About this task
Below are records with pictures in them. Transcribe everything from the line containing "Image of Happiness, black" down to the line containing "Andere Touristen zeigen", exactly, and leave the pictures behind.

Supplied information

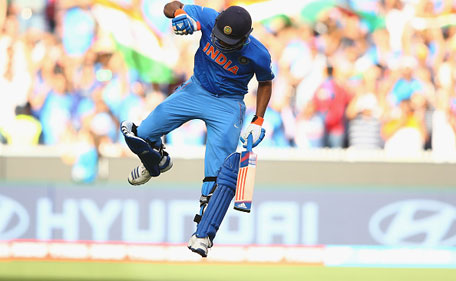 Rohit Sharma of India celebrates after scoring his century during the 2015 ICC Cricket World Cup match between India and Bangldesh at Melbourne Cricket Ground on March 19, 2015 in Melbourne, Australia. (Getty)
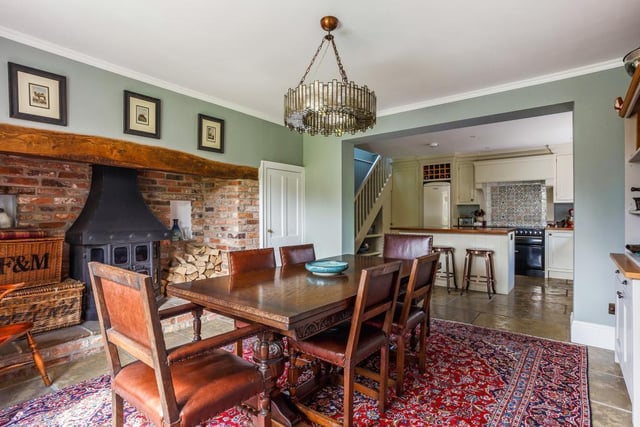 At the heart of this stylish home is a stunning kitchen of handmade painted timber and a central island unit. A place to entertain, to cook and to eat itopens to the dining area with inglenook fireplace with log burner and impressive views over the garden from the large bay window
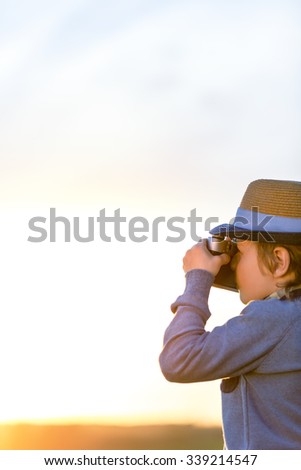 Little boy with a camera outdoors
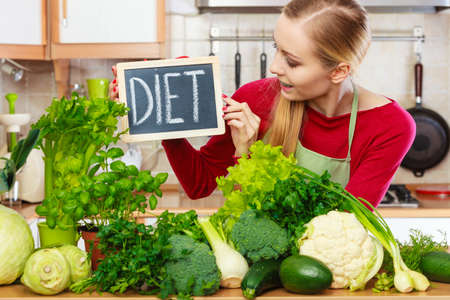 Young woman in kitchen having many green vegetables presenting board with diet sign.の写真素材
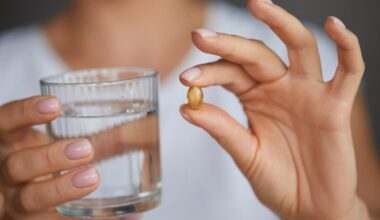 Woman Taking Vitamin D Omega 3 Supplement Pill
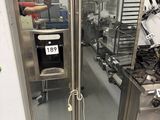un grand réfrigérateur en acier inoxydable dans une cuisine dotée de nombreux plans de travail
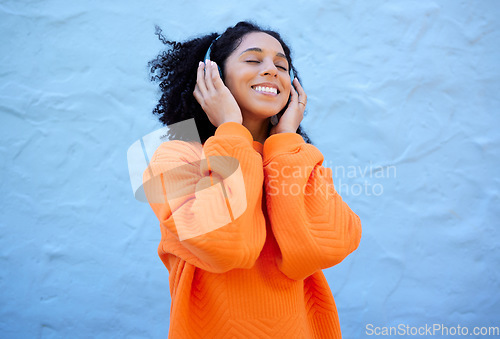 Image of Happiness, black woman and headphones for streaming, music and cheerful on blue studio background. African American female, lady or headset for audio, sounds and podcast with girl, smile and backdrop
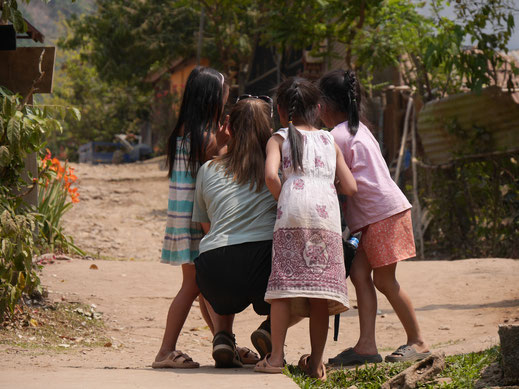 Andere Touristen zeigen den Mädchen des Dorfes die gerade von ihnen geschossenen Fotos... Muang Ngoy, Laos (Foto Jörg Schwarz)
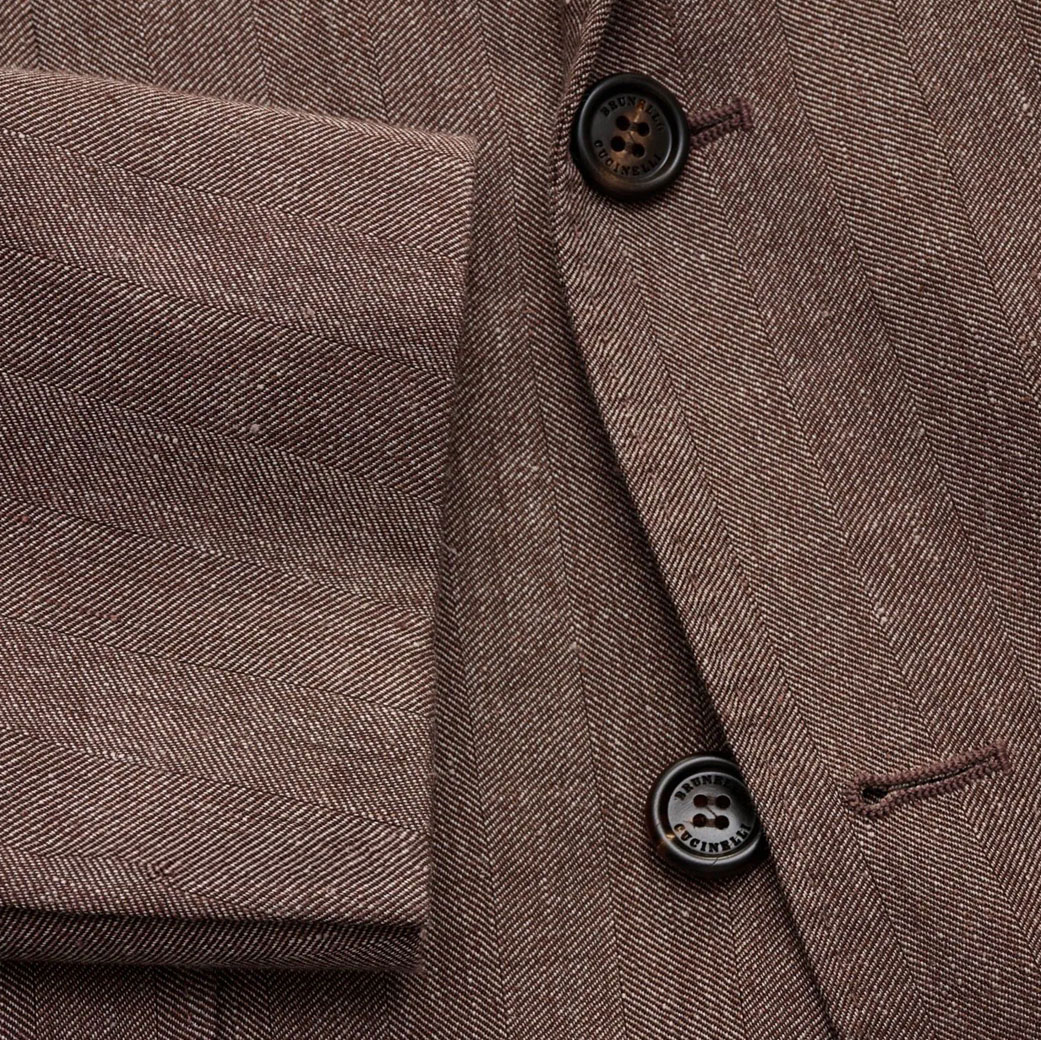 Detailaufnahme eines graubraunen Leinensakkos für Herren mit Fischgrätmuster, Knöpfen und Taschenklappe.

Output of the task
 Image of Happiness, black woman and headphones for streaming, music and cheerful on blue studio background. African American female, lady or headset for audio, sounds and podcast with girl, smile and backdrop
 Andere Touristen zeigen den Mädchen des Dorfes die gerade von ihnen geschossenen Fotos... Muang Ngoy, Laos (Foto Jörg Schwarz)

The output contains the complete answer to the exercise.